Sommets Vol. XVII No 1 - Hiver 2004

 

Le paradis avant la fin de vos jours

par Sylvie Couture

«Réussir son vieillissement, c'est accepter de s'engager dans un processus de spiritualisation.» Celui qui apporte la bonne nouvelle n'a rien d'un prédicateur; il s'appuie non seulement sur une impressionnante carrière en recherche sur le vieillissement, mais également sur une longue vie, riche en expériences et en émotions. Et s'il prêche, c'est par l'exemple…

 


Gilbert Leclerc
Retraité et chercheur au Centre de recherche sur le vieillissement
Théologie 1953

 

 

 

 

 

 

Gilbert Leclerc est chercheur au Centre de recherche sur le vieillissement. Il est aussi retraité : «La retraite n'est pas la fin du travail, c'est un changement d'activités.» Jeune de cœur, de corps et d'esprit, Gilbert Leclerc n'est pas seulement tombé dans la marmite de jouvence, il y est resté à mariner paisiblement. Il en est presque contagieux! À son contact, les gens risquent de prendre un coup de jeunesse en découvrant un sens à leur vie, le sujet de prédilection des récentes recherches de Gilbert Leclerc : «Mes recherches sur l'actualisation du potentiel des personnes âgées m'ont amené à m'intéresser aux conditions nécessaires à un vieillissement réussi. Trouver un sens à sa vie en est une essentielle.»

Un sens à la vie

Le concept de sens à la vie fait aujourd'hui partie intégrante de la psychologie humaniste. De nombreuses études ont démontré que le sens à la vie influence positivement la santé physique et psychologique de l'individu et lui permet de garder une raison de vivre malgré les bouleversements de son existence. En associant le vieillissement au concept de sens à la vie, Gilbert Leclerc s'interroge sur notre capacité de redonner un sens à notre existence après avoir perdu les traditionnelles sources de sens que sont le travail, le statut social, l'amour d'un conjoint, la santé, l'autonomie…

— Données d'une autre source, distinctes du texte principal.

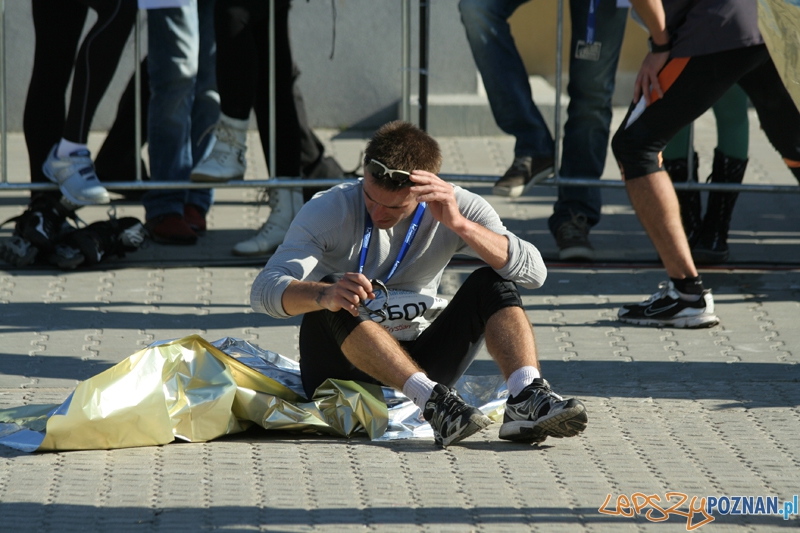 XII Poznań Maraton - Poznań 16.10.2011 r. Foto: Ewelina Gutowska XII Poznań Maraton - Poznań 16.10.2011 r. Foto: Ewelina Gutowska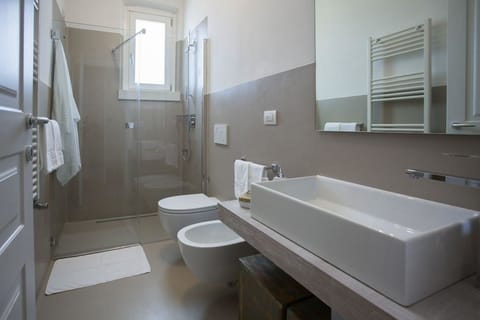 Deluxe Studio, 1 Queen Bed with Sofa bed | Bathroom | Shower, free toiletries, hair dryer, bidet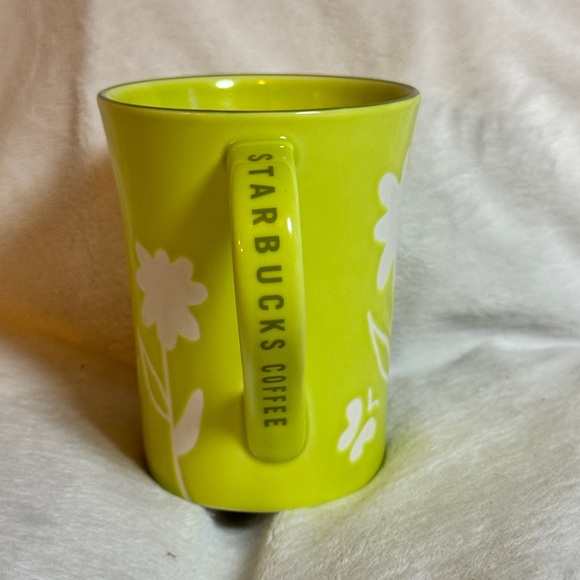 STARBUCKS 2007 Lime Green White Floral Flowers Butterflies Coffee Cup Mug 12 oz - Picture 2 of 4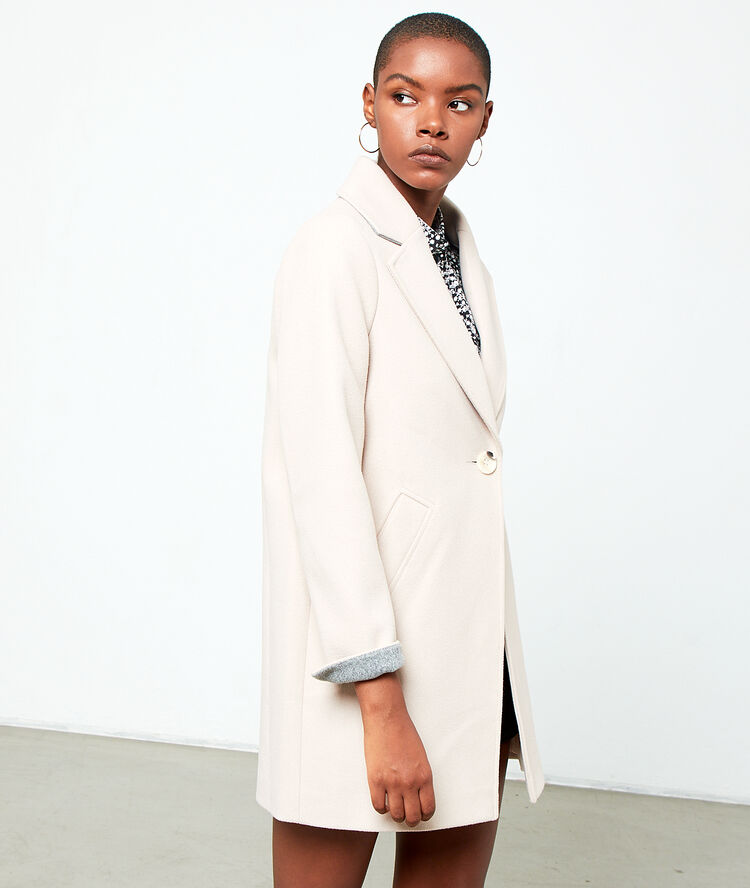 Boyfriend coat cream.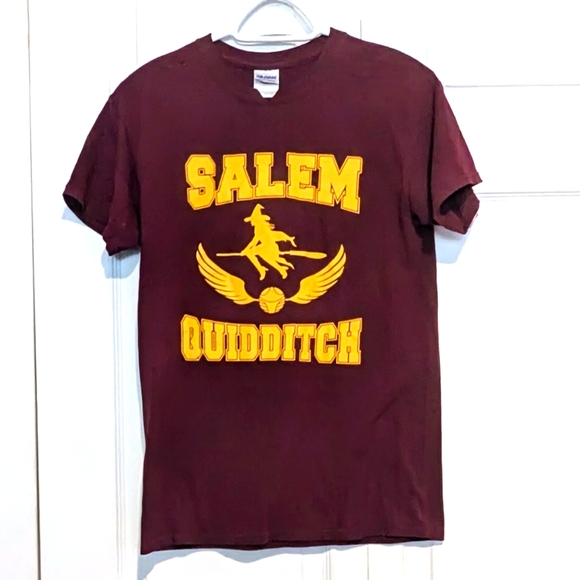 Salem Quidditch T-Shirt in Burgundy and Yellow Small - Picture 1 of 4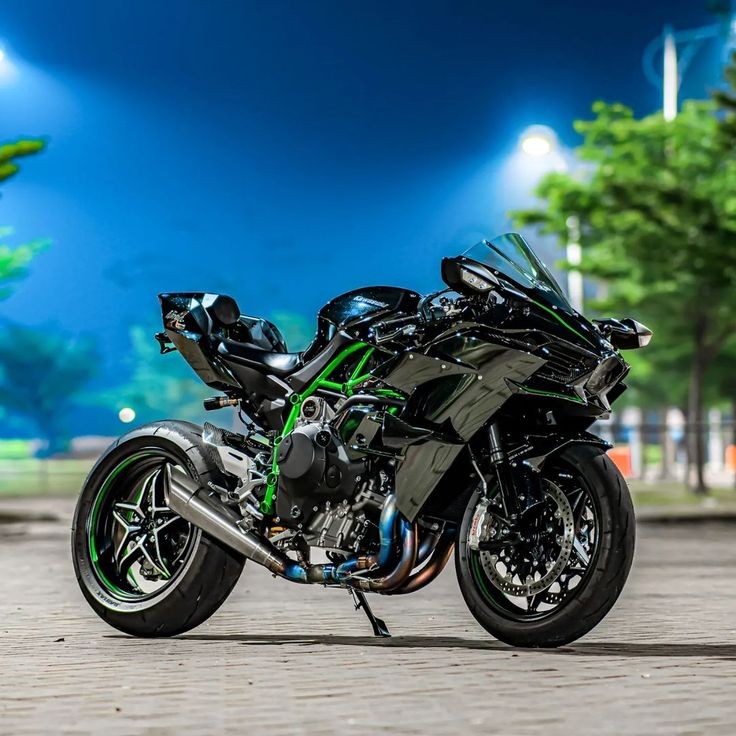 Black kawasaki ninja h2r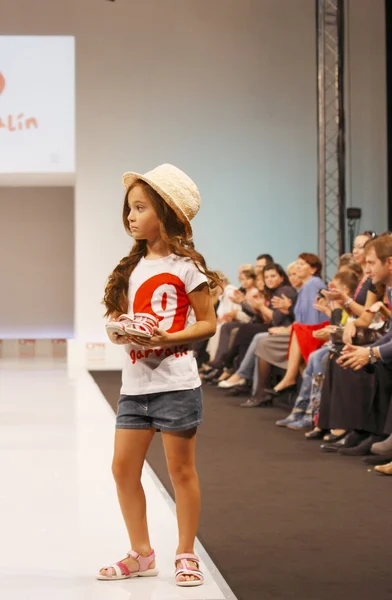 Fashion show of children's shoes — Stock Photo, Image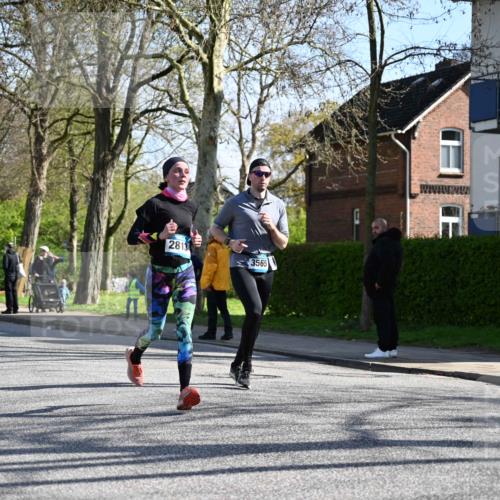 12.04.2026 - 45. Internationalen Wilhelmsburger Insellauf J. Mangold http://msf.ph/oto/9460578 12.04.2026 10:43:09 Ziel 5840, 2406, 4377, 3086, 3227, 4974, 5705, 2189, 5697, 2813, 4931, 3565, 5337, 2102, 2656, 2104, 5407, 5286, 2039, 3486, 4428, 3022, 3022, 4349 meine-sportfotos.de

Pour Gilbert Leclerc, «la réussite de notre vieillissement dépend en grande partie de notre capacité d'adaptation aux nombreuses pertes qui jalonnent le vieillissement». Il soutient qu'il faut donner un sens à notre passé, à notre présent et à notre avenir, tant sur le plan personnel que spirituel : reconnaître nos succès passés, mais aussi nos actions désintéressées, comme le don de soi, la compassion ou la tolérance dont nous avons fait preuve pendant notre vie; continuer à jouer un rôle dans la société, mais en tissant des liens avec d'autres sources de sens, comme la nature, l'entraide ou la paix; nous engager avec optimisme dans des projets de vie pour nous-même, mais également pour les autres ou pour des causes qui nous tiennent à cœur.

«Avec l'âge, nous nous concentrons davantage sur l'essentiel, en mettant progressivement de côté nos désirs matérialistes et égocentriques pour nous tourner vers des valeurs spirituelles qui transcendent notre existence. En fait, nous constatons que la vie ne peut atteindre tout son sens que si elle est centrée sur quelque chose de plus grand et de plus profond que nous-même.» Oui, mais qu'entend-on par spiritualité? «Au-delà des religions et des systèmes de croyances, la spiritualité est fondamentale et universelle. À l'intérieur même de chacun, elle répond aux questions existentielles sur sa propre identité et sur son rôle dans l'univers. Elle englobe toutes les dimensions de l'être, ses relations avec les autres et avec son environnement, de même que ses relations avec le sacré et le transcendant. Dès qu'une personne sort de son égocentrisme, elle entre dans sa spiritualité.»

Un sens au paradis

Gilbert Leclerc considère que les interventions auprès des personnes âgées ne doivent pas se limiter à la santé physique : «Aidez-les à se réaliser pleinement, mais aussi à revoir le positif de leur vie, à recadrer leurs regrets et à se donner de nouvelles raisons de vivre. Elles auront ainsi l'impression de pouvoir mourir en paix.»

Pour lui, il y a deux grandes dimensions au vieillissement : «Celle de la dégradation de nos capacités que nous essayons tous, bien pertinemment, d'arrêter; et celle de la croissance, de l'acceptation des pertes et de la reconstruction du sens à la vie, une dimension intemporelle qui échappe à la dégradation et qui ne cesse de croître.» De là, il n'y a qu'un pas, qu'un souffle, pour traverser l'ultime passage vers une autre vie. C'est peut-être ainsi que Gilbert Leclerc nous souhaite le paradis avant la fin de nos jours!

 

Vox pop

Avez-vous peur de vieillir?

Non. Je m'y prépare au quotidien, mais cela ne m'empêche pas d'appréhender les pertes qui font partie de tout vieillissement, même le plus réussi.